======== Supplied information ========
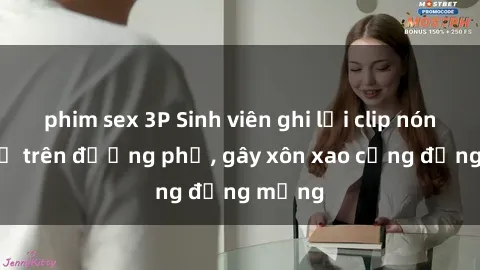 phim sex 3P Sinh viên ghi lại clip nóng ẩu đả trên đường phố, gây xôn xao cộng đồng mạng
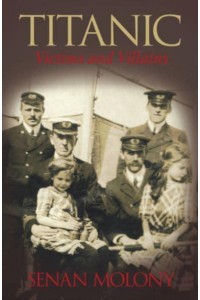 Titanic Victims and Villains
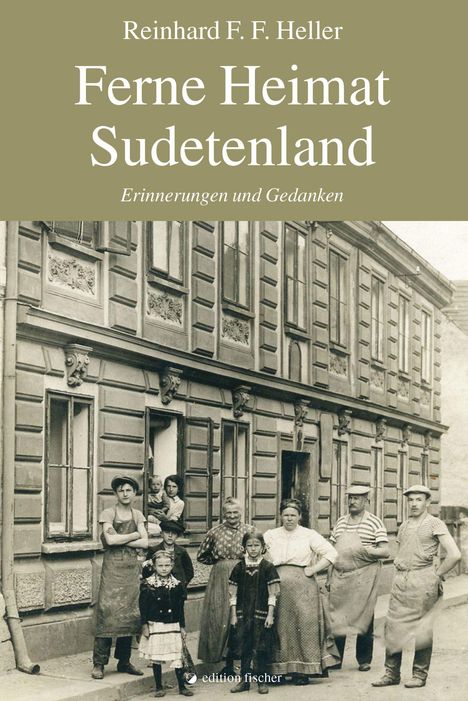 Reinhard F. F. Heller: Ferne Heimat Sudetenland, Buch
========
● **About this task**
From the first line to the last, copy the listing above exactly, dropping all images.

● **Problem solution**
 phim sex 3P Sinh viên ghi lại clip nóng ẩu đả trên đường phố, gây xôn xao cộng đồng mạng
 Titanic Victims and Villains
 Reinhard F. F. Heller: Ferne Heimat Sudetenland, Buch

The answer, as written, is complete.